Line by line, the data below should be set down unchanged, with images excluded.

▸ **THE DATA**:
----

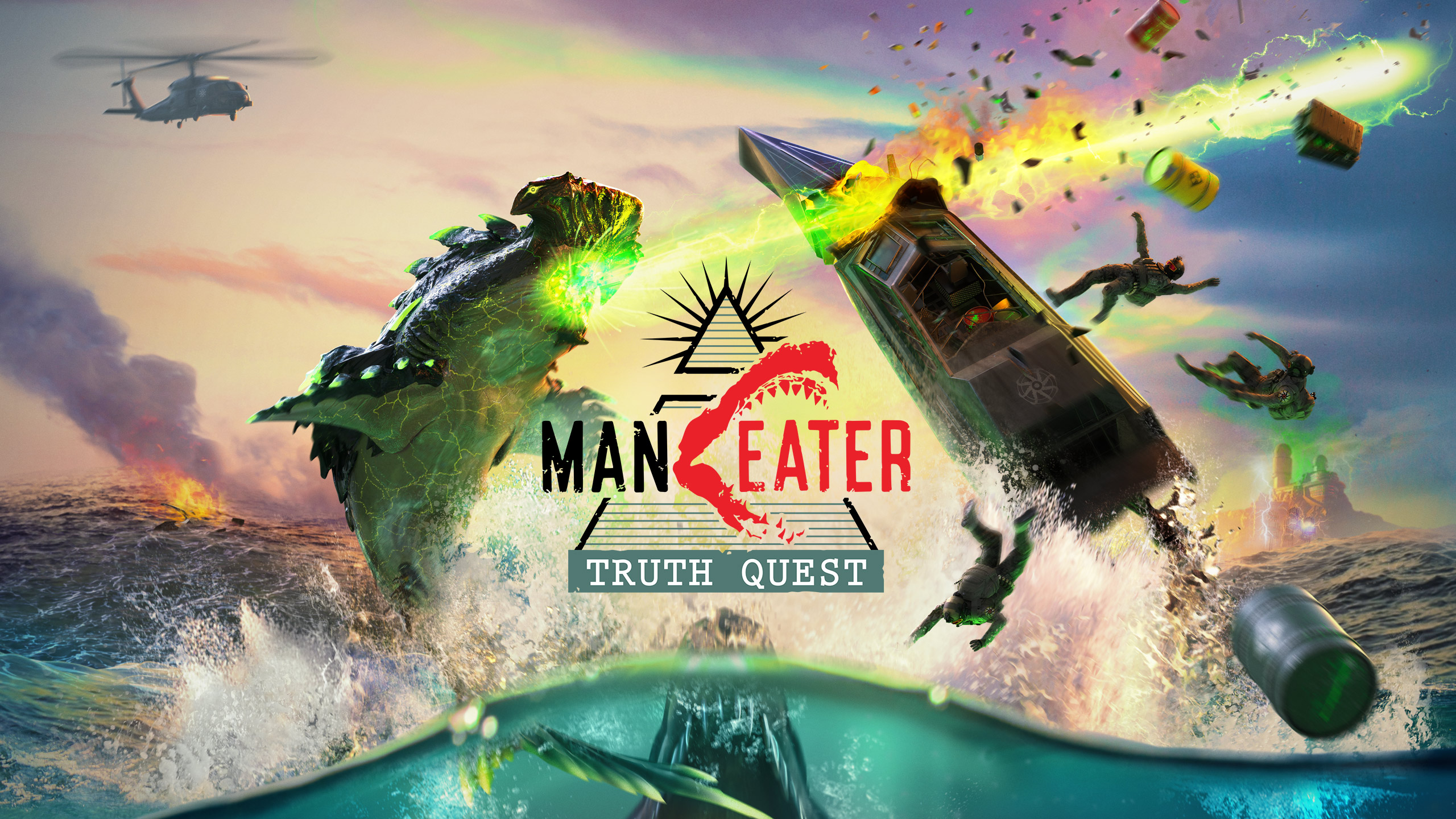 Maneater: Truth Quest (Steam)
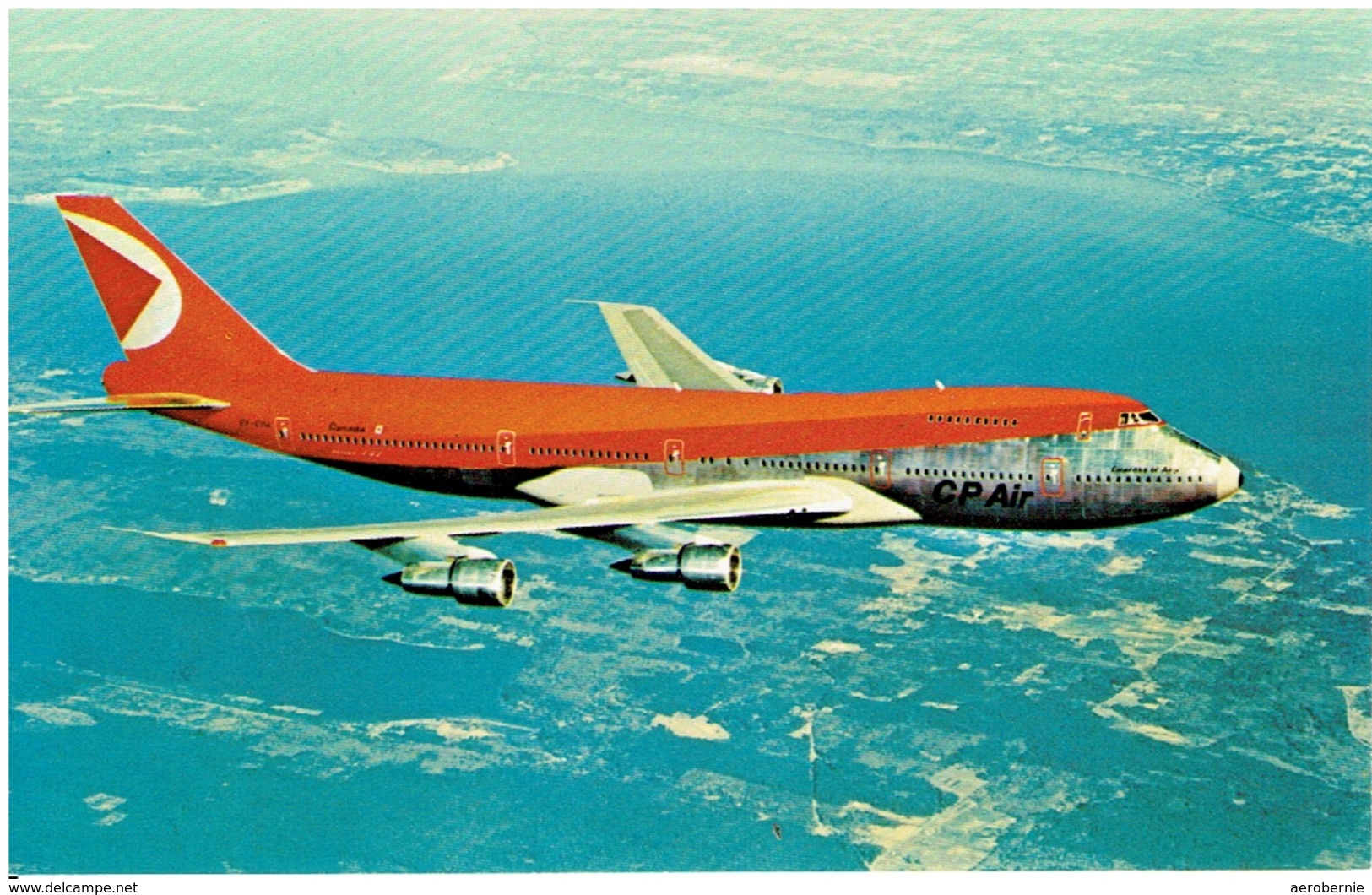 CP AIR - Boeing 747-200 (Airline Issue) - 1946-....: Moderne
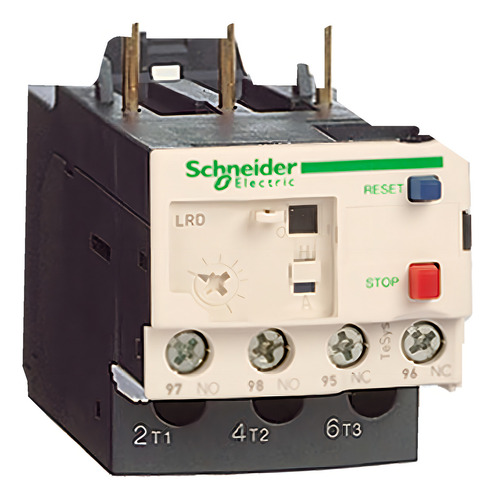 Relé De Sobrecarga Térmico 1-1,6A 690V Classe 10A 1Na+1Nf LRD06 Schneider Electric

----

▸ **ANSWER SECTION**:
 Maneater: Truth Quest (Steam)
 CP AIR - Boeing 747-200 (Airline Issue) - 1946-....: Moderne
 Relé De Sobrecarga Térmico 1-1,6A 690V Classe 10A 1Na+1Nf LRD06 Schneider Electric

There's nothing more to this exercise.